Tuesday, November 15, 2005


"Board Adapts After Voters Select"

Fearing that the Dover School District might have to pay attorney fees, reports Josh Getlin in the LA Times, "one outgoing board member urged his colleagues Monday night to abandon the intelligent design policy, especially in view of the election. His motion died for lack of a second."

Like the dinosaurs they are, these defeated Dover board members will not evolve. They will soon be officially extinct. The warm-blooded mamals that replace them next month... Well now, that's a different story.

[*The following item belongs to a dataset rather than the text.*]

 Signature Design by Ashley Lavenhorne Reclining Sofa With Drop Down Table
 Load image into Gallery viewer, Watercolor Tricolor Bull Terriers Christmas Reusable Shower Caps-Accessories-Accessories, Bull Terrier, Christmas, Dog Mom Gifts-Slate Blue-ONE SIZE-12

Getlin's story, by the way, paints an interesting portrait of the defeated Dover board and the incoming victors:

"Intelligent design isn't finished here, it isn't finished anywhere," said Alan Bonsell, an outgoing board member, as he left Monday's meeting, his last. Several hundred people, who filled a school cafeteria, applauded politely when he said the board had "worked hard" to bring Dover students "a much better future.

"The eight victors, who sat in a group, had a different message: Bernadette Reinking, a newly elected board member, said in an interview that "Dover needs to heal and put the divisions behind it, because we have to get back to our lives. We have to let the bitterness die down from this battle and focus on our students."

She added, however, that "nobody ever believed this board should have tried to impose its beliefs on people. And we're certainly not going to do that now." The new board, she said, was likely to consider teaching intelligent design in a social studies or philosophy class — but not as part of the curriculum in ninth-grade biology.